Georgetown Hoyas and Maryland Terrapins Meet at Long Last
Sunday, November 30, 2008
LAKE BUENA VISTA, Fla., Nov. 28 -- Shortly before the first Model T rolled off the assembly line, Georgetown and Maryland suited up for their first basketball game against each other.
But for the better part of the last 27 years, Washington's storied college rivalry has been shelved -- a casualty, depending on who's talking, of pride, pressure and self-interest.
Sunday's consolation game of the Old Spice Classic delivers the long-awaited next installment -- one that will be played 850 miles from home, in a 5,000-seat arena that will boast more orange T-shirts than red or gray.
Tennessee, with hordes of Volunteer faithful in tow, takes on No. 9 Gonzaga in the evening's championship game. But in the Washington area, the undercard matters far more.
"It's about bragging rights in the area," says ESPN analyst Len Elmore, an all-American at Maryland in the early 1970s, when Lefty Driesell's Terrapins dominated the rivalry. "And it ought to be fun, with two well-coached, quality teams."

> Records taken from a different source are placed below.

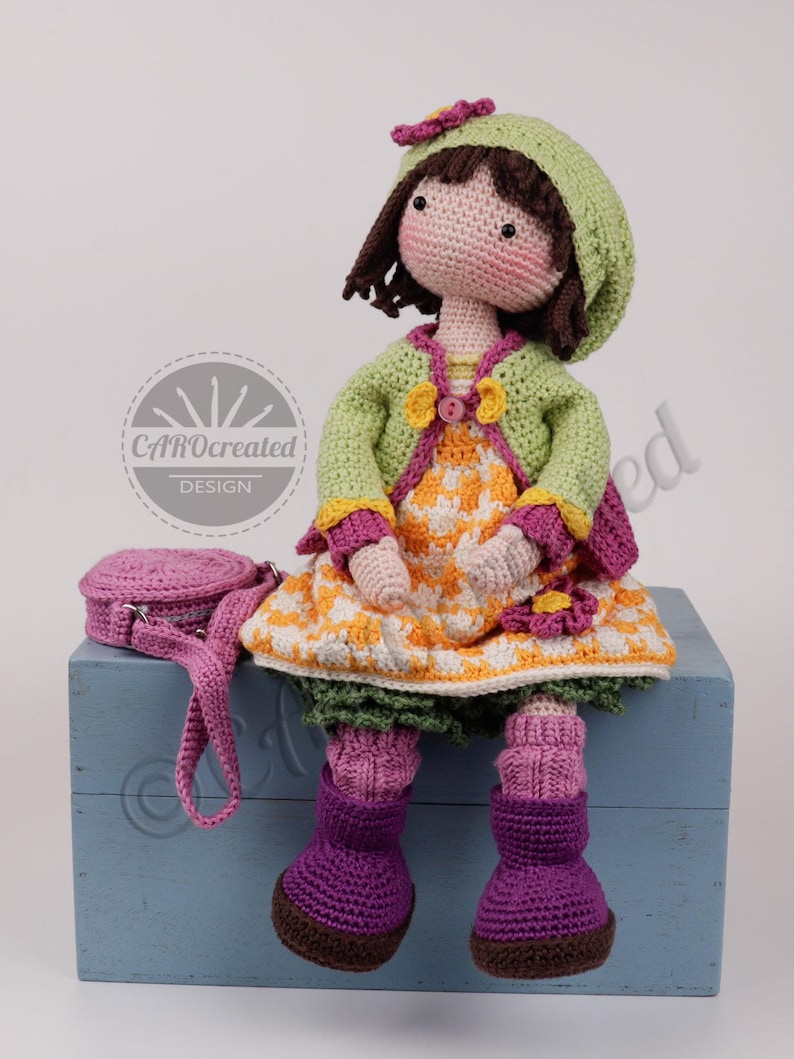 May include: A handmade crochet doll with a green hat and jacket, a yellow and white dress, and purple boots. The doll has a matching purple purse. The doll is sitting on a blue box. The doll's design is by CAROcreated DESIGN.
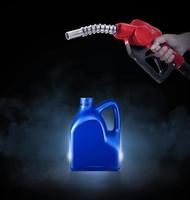 Hands holding Fuel nozzle and blue bottle of engine oil on black background with smoke photo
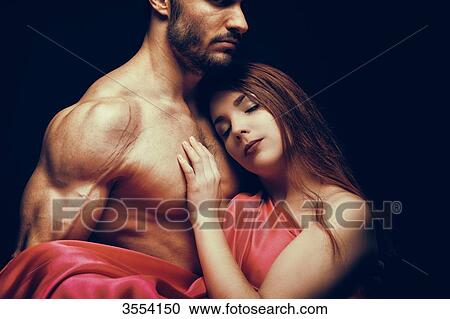 Young woman sleeping in her man's arms View Large Photo Image Stock Image - Young woman sleeping in her man's arms. Fotosearch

Sunday's game comes on the heels of the first loss of the season by each team. Both were by double-digits margins, with Georgetown (3-1) falling to 12th ranked Tennessee, 90-78, and Maryland (4-1) dropped by No. 9 Gonzaga, 81-59, in the tournament's second round.
While the rosters of Georgetown and Maryland are stocked with local players who know one another's games intimately, it will mark the first meeting between coaches John Thompson III and Gary Williams.
And though fans may see the outcome as crowning a king of Washington area hoops, Thompson and Williams are playing down the hype, denying there is any dynamic at play Sunday other than an opportunity to improve.
"From where we sit, we are trying to prepare ourselves for conference play," Thompson said. "This is another game against a very good team that will prepare us for conference play."
Hoyas sophomore guard Chris Wright, who is from Bowie, echoed the sentiment.
"I'm going to approach it like any other game: a game we have to execute," Wright said. "In terms of it being important because it's a Maryland-Georgetown game, I'm really not into that."
Said Williams: "You know, we both have our rivalries. They have great rivalries in the Big East; we have great rivalries in the ACC. Those are two of the best basketball conferences in the country. For the fans, I know they like the local rivalries and things like that, but you know, we just happen to be located close to each other."